本発明は、マルチワイヤ放電加工装置の制御方法に関する。
従来、円柱状インゴットからウェーハを切り出す場合等における切断手段として、砥粒を用いたワイヤーソーが知られている。しかし、このようなワイヤーソーでは、加工用砥粒が混合された加工液(スラリー)を同時供給する必要があり、その取扱いは容易でない。また、ワイヤがワークに直接接触するため、特に硬度の高いSiC等の場合、加工中にワイヤが断線するおそれがあり、断線が生じた場合には復旧までに長時間を要する不都合があった。
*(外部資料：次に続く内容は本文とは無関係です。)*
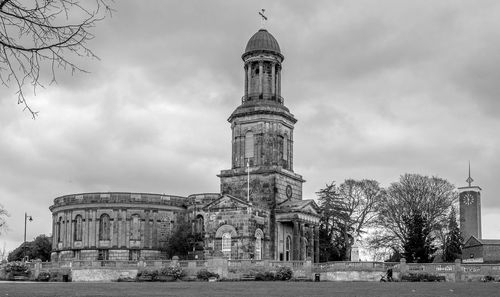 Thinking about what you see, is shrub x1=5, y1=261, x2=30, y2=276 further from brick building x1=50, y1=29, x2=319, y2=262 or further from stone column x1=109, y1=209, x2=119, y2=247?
stone column x1=109, y1=209, x2=119, y2=247

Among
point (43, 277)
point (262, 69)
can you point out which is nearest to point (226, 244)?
point (43, 277)

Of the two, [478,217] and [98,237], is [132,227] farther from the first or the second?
[478,217]

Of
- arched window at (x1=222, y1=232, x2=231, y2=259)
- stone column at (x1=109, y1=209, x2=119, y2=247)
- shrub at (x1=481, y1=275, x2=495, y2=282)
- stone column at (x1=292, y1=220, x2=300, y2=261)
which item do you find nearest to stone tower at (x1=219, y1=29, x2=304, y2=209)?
stone column at (x1=292, y1=220, x2=300, y2=261)

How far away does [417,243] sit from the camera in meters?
65.6

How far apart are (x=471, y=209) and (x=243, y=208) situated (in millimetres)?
Result: 59873

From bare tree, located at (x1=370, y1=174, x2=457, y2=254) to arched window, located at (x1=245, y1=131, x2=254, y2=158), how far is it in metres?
17.7

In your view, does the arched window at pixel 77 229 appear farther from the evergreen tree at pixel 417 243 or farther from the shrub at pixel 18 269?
the evergreen tree at pixel 417 243

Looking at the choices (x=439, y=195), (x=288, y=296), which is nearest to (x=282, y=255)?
(x=439, y=195)

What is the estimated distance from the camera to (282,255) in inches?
2532

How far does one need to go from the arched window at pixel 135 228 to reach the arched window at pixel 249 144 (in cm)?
1685

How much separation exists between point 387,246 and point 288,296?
5104cm

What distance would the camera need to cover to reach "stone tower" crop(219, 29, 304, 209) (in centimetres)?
6456

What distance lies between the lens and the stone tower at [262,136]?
64.6 metres

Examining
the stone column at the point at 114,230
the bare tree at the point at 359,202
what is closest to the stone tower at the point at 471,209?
the bare tree at the point at 359,202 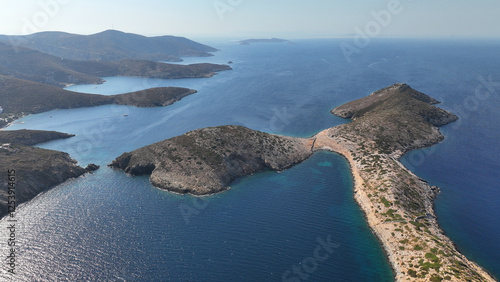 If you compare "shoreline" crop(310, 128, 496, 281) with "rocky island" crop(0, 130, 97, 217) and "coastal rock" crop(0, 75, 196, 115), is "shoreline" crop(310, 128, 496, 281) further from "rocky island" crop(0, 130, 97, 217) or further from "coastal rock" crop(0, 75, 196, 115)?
"coastal rock" crop(0, 75, 196, 115)

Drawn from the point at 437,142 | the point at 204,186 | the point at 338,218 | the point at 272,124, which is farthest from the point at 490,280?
the point at 272,124

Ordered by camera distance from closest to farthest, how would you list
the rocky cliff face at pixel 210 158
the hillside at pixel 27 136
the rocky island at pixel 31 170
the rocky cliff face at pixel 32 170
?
the rocky island at pixel 31 170, the rocky cliff face at pixel 32 170, the rocky cliff face at pixel 210 158, the hillside at pixel 27 136

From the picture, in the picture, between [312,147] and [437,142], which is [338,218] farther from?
[437,142]

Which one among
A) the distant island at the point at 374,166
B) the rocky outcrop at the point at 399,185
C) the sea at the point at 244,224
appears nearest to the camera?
the rocky outcrop at the point at 399,185

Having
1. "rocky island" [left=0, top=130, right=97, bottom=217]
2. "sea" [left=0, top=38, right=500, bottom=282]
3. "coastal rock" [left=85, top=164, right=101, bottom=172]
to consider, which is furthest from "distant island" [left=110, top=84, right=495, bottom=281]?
"rocky island" [left=0, top=130, right=97, bottom=217]

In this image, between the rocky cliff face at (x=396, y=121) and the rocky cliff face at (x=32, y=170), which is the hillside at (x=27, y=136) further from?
the rocky cliff face at (x=396, y=121)

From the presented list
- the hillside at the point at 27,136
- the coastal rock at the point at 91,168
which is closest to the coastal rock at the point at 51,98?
the hillside at the point at 27,136

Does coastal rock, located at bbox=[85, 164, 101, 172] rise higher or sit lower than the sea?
higher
そこで、マルチワイヤ放電加工装置が発案された。放電加工によりワイヤとインゴットは接触していないため、インゴットにかかる負荷が非常に低く、スラリーによるスクラッチ等の傷の発生もないという効果がある。
しかしながら、放電による被加工物の除去とワイヤとインゴットの相対移動速度が対応しない場合、ワイヤとインゴットが接触し、短絡状態になってしまう。短絡した箇所に集中して電気が流れると、高熱となってワイヤが破断する恐れがある。そこで、マルチワイヤ放電加工装置は電圧を監視して短絡状態になっているか否かを常時監視している。そして、短絡状態になった場合、ワイヤをインゴットから離間(退避)させた後、再度加工を実施する。この際、加工に適した所望の距離だけ離間しているかどうかは、加工中と同じ電圧を印加して、ワイヤとインゴットに流れる電力の電圧が所定値以上であることが目安となるため、加工中と同じ電圧を印加して電圧を測定するテスト工程を実施する。
特開2012−240128号公報
しかしながら、テスト工程において、何らかの理由で所望の距離離間していなかった場合、加工中と同じ電圧を印加すると短絡時と同様に局所的に放電が集中し、ワイヤが断線する恐れがある。
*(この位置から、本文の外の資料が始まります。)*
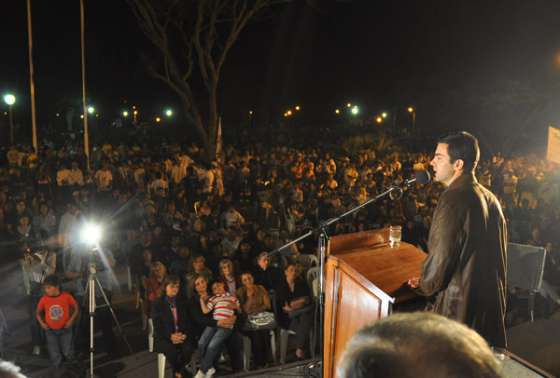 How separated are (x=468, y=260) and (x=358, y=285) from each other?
69 centimetres

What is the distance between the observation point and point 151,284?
6.55 m

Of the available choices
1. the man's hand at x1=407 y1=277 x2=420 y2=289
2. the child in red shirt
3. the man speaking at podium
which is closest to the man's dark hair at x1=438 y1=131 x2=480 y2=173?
the man speaking at podium

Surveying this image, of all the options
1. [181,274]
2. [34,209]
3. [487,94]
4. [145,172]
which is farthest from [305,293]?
[487,94]

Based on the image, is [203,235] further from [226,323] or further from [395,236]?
[395,236]

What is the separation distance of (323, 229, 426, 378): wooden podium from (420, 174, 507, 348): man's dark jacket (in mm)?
250

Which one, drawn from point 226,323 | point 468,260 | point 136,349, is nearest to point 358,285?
point 468,260

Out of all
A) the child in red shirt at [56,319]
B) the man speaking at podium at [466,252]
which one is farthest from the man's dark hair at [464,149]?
the child in red shirt at [56,319]

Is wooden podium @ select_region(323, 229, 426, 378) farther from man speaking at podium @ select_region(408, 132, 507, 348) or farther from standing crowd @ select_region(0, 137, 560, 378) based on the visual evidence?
standing crowd @ select_region(0, 137, 560, 378)

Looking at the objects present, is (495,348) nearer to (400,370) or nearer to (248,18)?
(400,370)

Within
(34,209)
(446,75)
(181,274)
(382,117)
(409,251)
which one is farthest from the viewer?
(382,117)

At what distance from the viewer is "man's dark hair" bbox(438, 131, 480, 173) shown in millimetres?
2848

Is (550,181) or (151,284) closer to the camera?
(151,284)

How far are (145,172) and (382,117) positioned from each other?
35744mm

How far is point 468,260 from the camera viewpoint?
107 inches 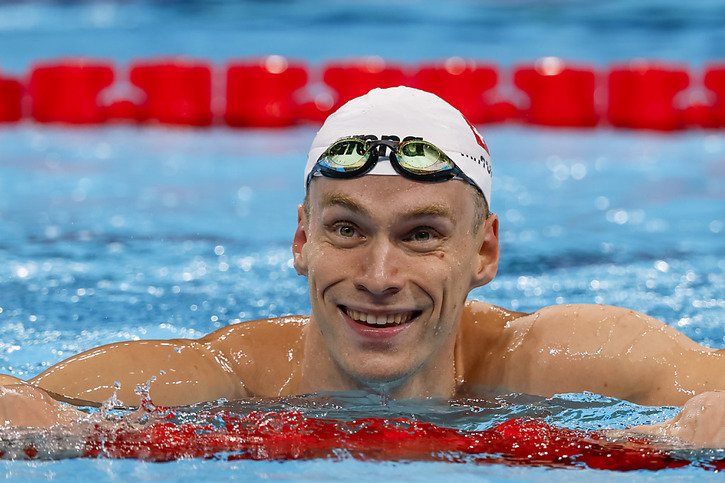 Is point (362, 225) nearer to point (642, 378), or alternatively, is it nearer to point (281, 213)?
point (642, 378)

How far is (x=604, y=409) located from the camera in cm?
313

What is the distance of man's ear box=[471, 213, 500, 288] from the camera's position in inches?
117

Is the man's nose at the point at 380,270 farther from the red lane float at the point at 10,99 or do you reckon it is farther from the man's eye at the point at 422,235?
the red lane float at the point at 10,99

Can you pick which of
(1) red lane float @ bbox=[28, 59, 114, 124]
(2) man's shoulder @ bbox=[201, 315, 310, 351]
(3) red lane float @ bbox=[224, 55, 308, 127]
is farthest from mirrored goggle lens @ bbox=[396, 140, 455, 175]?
(1) red lane float @ bbox=[28, 59, 114, 124]

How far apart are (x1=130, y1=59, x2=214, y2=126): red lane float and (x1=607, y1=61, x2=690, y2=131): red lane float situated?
350 cm

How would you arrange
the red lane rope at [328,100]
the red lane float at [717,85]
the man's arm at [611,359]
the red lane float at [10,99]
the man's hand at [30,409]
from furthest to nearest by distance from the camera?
the red lane float at [717,85] → the red lane rope at [328,100] → the red lane float at [10,99] → the man's arm at [611,359] → the man's hand at [30,409]

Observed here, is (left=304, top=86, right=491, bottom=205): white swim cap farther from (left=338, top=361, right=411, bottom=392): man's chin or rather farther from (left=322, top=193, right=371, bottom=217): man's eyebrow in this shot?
(left=338, top=361, right=411, bottom=392): man's chin

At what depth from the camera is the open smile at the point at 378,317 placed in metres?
2.77

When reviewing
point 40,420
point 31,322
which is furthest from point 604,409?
point 31,322

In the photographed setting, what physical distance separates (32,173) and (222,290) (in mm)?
3343

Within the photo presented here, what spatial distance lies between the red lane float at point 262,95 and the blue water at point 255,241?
0.70ft

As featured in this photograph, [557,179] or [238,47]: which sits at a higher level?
[238,47]

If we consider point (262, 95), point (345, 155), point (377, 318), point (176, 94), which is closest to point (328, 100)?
point (262, 95)

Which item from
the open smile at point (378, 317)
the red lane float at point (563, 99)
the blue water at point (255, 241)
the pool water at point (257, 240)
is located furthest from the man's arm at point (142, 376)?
the red lane float at point (563, 99)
そこで、本発明は、上記に鑑みてなされたものであって、ワイヤとインゴットが短絡してから加工を再開させる際に、再開処理でワイヤが断線することを防止するマルチワイヤ放電加工装置の制御方法を提供することを目的とする。
上述した課題を解決し、目的を達成するために、本発明に係るマルチワイヤ放電加工装置の制御方法は、間隔をおいて隣接する複数のガイドローラに軸方向に間隔をあけて複数回巻き掛けられたワイヤと、インゴットが並列する該ワイヤに切り込むように該ワイヤとインゴットを固定する基台部とを相対的に加工送りさせる駆動手段と、該ワイヤと該基台部に固定されたインゴットに高周波パルス電力を供給する高周波パルス電源ユニットと、を備え、該高周波パルス電源ユニットは、印加するパルス電力を所望の周波数に調整するパルス調整手段と、印加する該パルス電力の電圧を調整する電圧調整手段と、該ワイヤとインゴットに流れた該パルス電力の電圧を測定し、該電圧に基づいてインゴットと該ワイヤとの間隔を判別する判別手段と、判別された該間隔に基づいてインゴットと該ワイヤとの間隔を調整する距離調整手段と、を備えるマルチワイヤ放電加工装置の制御方法であって、所定の加工電圧を印加しつつ該ワイヤとインゴットとを加工送りして放電加工する加工ステップと、該加工ステップ中に該ワイヤとインゴットとが接触または加工屑を介して接続し、所定以下の電圧が測定されて短絡状態になったと判別した際に、該ワイヤをインゴットから離間させ短絡による発熱で該ワイヤが破断するのを防ぐ離間ステップと、該離間ステップを実施した後に、該加工電圧よりも低いテスト電圧を印加して、短絡状態が解消されたか否かを判別するテストステップと、を備え、該テストステップで所定の該テスト電圧を印加した際に、測定された電圧が閾値以上の場合、短絡状態が解消したと判別して再び該加工ステップを実施し、測定された電圧が該閾値未満の場合、該テストステップを再度実施する又は該離間ステップを再度実施し、該テストステップで印加する該テスト電圧の周波数は該加工ステップより高く、所定時間で測定できるパルス数が該加工ステップより多いことを特徴とする。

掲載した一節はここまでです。